These inconsistencies are not only used verbally, they are promulgated in the stucco literature, in trade and professional journals and in building codes and standards governing stucco.  It is no mystery then, why the stucco industry has an abundance of differing perspectives and practices, if we are not using the same terminology, and we are not always speaking the same language in some important instances.  We as stucco industry participants need to strive to resolve and harmonize this circumstance, seek common ground with a common use of terminology and be certain individually, that we are using the same terminology and applying that terminology appropriately and correctly.


Visit the StuccoMetrics Reference Archives webpage for cited references and further information.
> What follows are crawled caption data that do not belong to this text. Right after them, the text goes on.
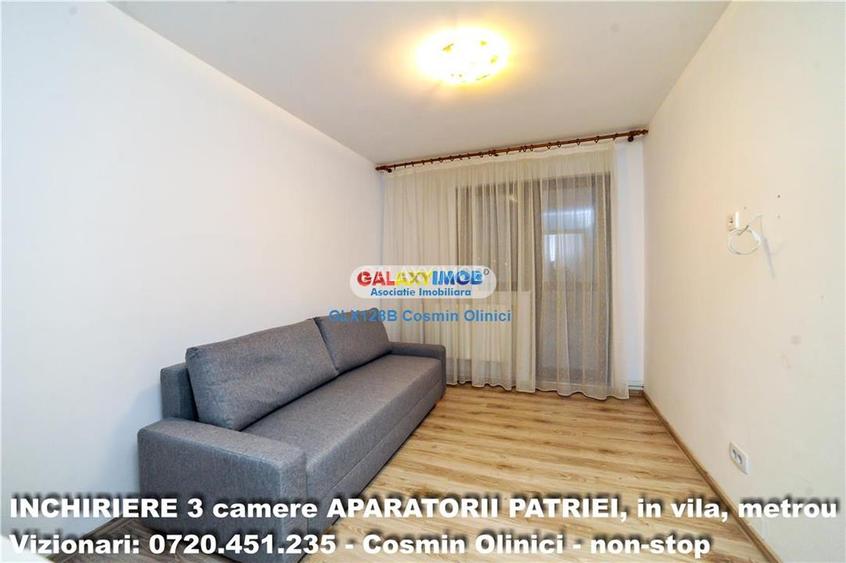 INCHIRIERE 3 camere BERCENI - Aparatorii Patriei, metrou, in vila - 12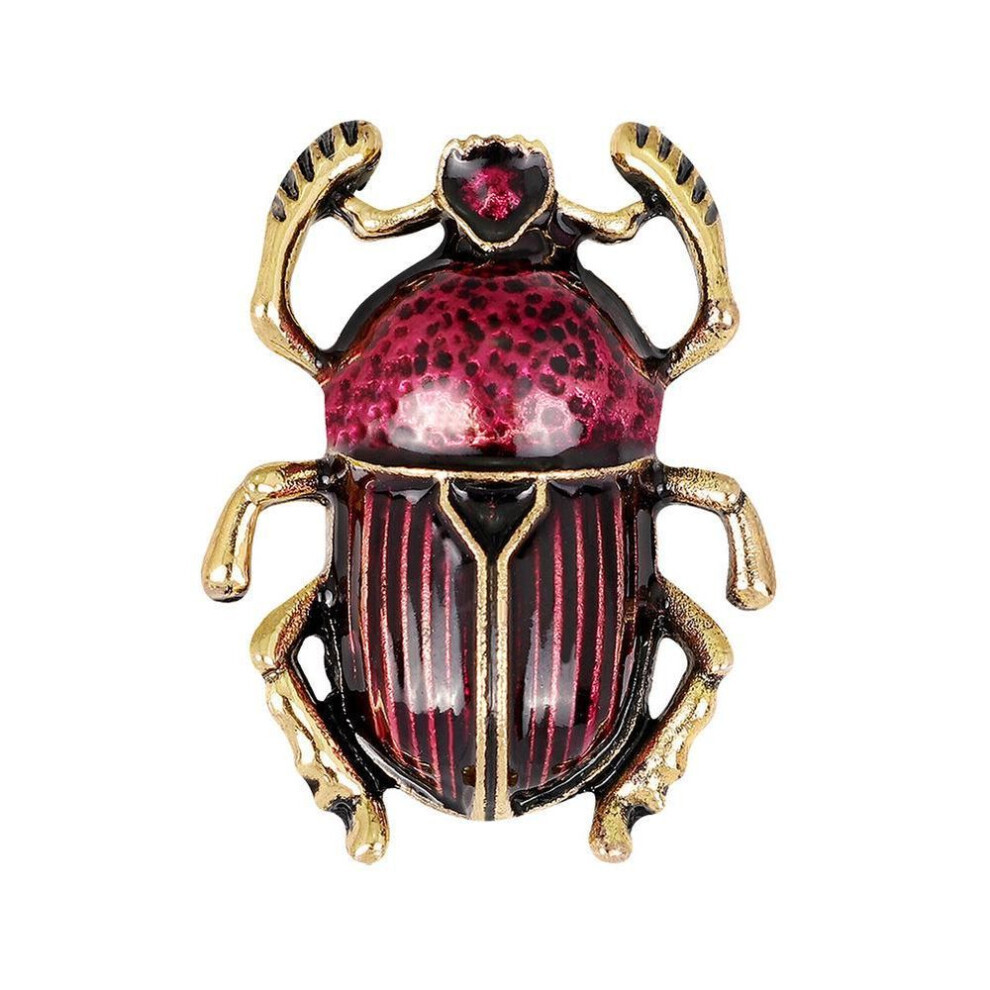 (purple) Vintage Lady Beetle Enamel Animal Insect Brooch Pin Women Scarf Party Jewelry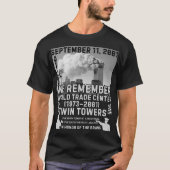ツインタワー 9/11 Tシャツ (正面)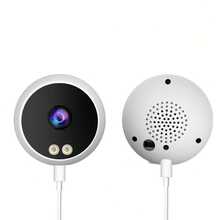 Kamera Keamanan Rumah JOOAN 3MP CAM720 APP 5G Bluetooth WiFi AP Berbagai Metode Pemasangan Zoom Elektronik Tahan Air IPX6 Penglihatan Malam Warna Penuh Pemantauan Dalam/Luar Ruangan, Mendukung Kartu SD dan Penyimpanan Cloud - Hitam dan Putih - View 3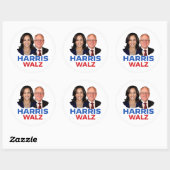 Sticker Rond Harris Walz 2024 (Feuille)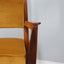 Mid century high back chair Italy 1950s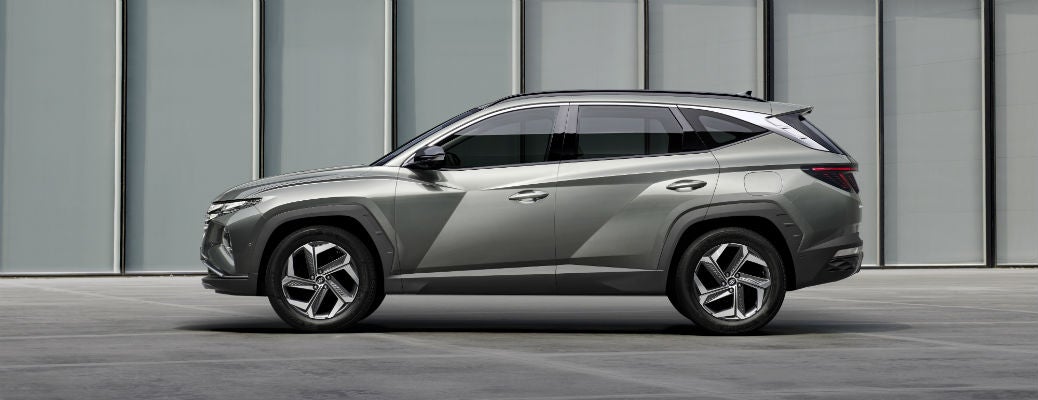Profile view of 2022 Hyundai Tucson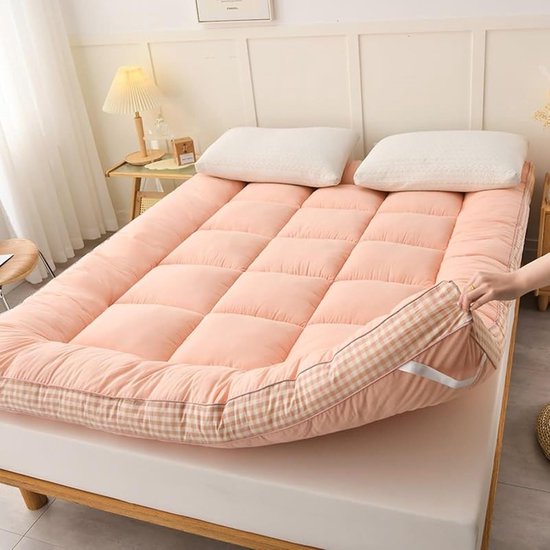 Opvouwbare Matras - Japanse Futon Vloerbed - Comfortabel Slapen - Ademend en Antislip - Niet gespecificeerd - Groen Koffie Roze Grijs — afbeelding 3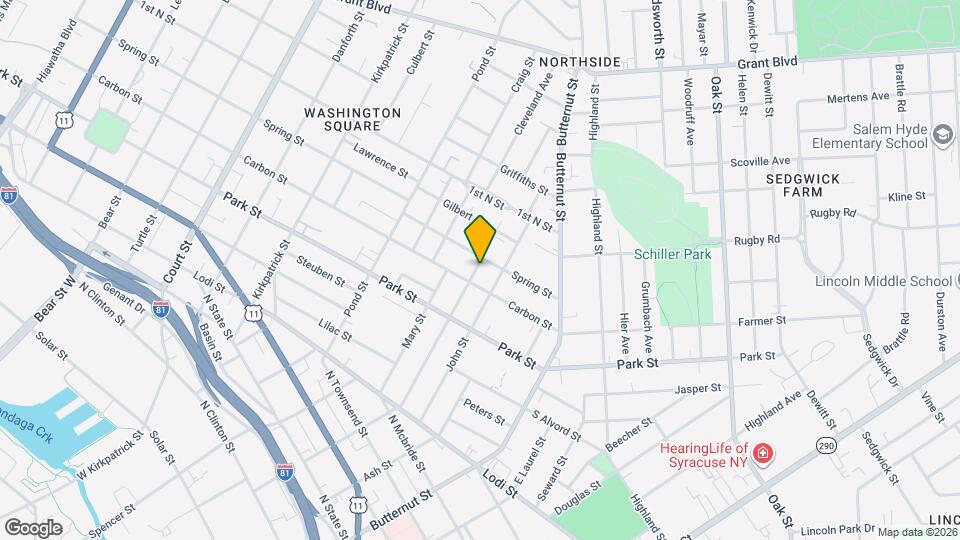 804 E Division St Map and Location Details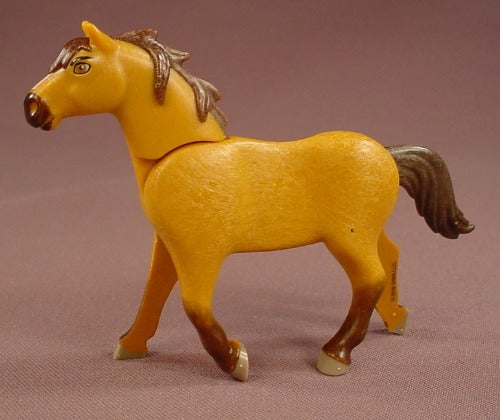 Playmobil Orange Brown Horse With A Dark Brown Mane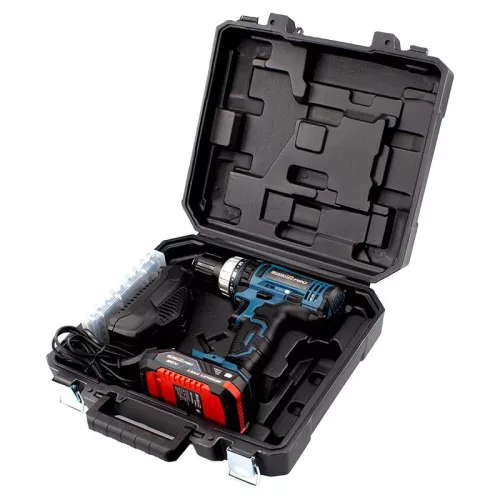 BORMANN Pro AKUMULÁTOROVÝ VŔTAK ,  20V, Li-Ion, 2 RÝCHLOSTI-35Nm- 1x1.5Ah PRO, S KUFROM (BBP3000)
An example of stucco terms that have changed meaning over time:  The terms “expansion joint” and “control joint” and their permutations; where they once meant the same thing it is important to understand their distinctions as we define them today - what these different stucco movement joint lath accessory components and subassemblies are, and how they are installed, function and perform differently as subassemblies and assemblies of the stucco wall cladding system.  While their differences are now understood better in the industry than previously, these two terms have been mis-applied and misunderstood since the mid-1950s when they came to be.  The term “expansion joint” was used in the Clark patent for the Double-V “expansion joint” (called a SMJ lath accessory component on this website) and it was then introduced to the marketplace by the Penn Metal Company as an “expansion joint”.  The 1971 ANSI A42.3 Lathing and Furring standard refers to “control joints”, the terms’ earliest known Industry Standard reference which, also interestingly, makes no reference to the term “expansion joint”.  The “expansion joint” nomenclature in the Penn Metal Corp. literature was in regular use until the early 1980s when the literature began referring to “control joints” – two words interchangeably used for the same thing - because it was described as ‘controlling’ cracking.  Fast forward to now.  ASTM C1063 has developed to define the different purposes and functions and to make a distinction between the terms “control” joint and “expansion” joint.  Both of these terms in current usage are unfortunately still vague, obscure and to this day most everything surrounding them is significantly misunderstood and as a result, causes misapplication, misinstallation, and disharmony in the industry by all concerned.  We can begin to resolve this dilemma by agreeing to reevaluate stucco terminology for clarity and to use terminology correctly and with well-defined consistent meanings in the industry.




Certain terminology within the stucco industry needs to be re-evaluated and clarified if stucco terminology is to be unified and consistent.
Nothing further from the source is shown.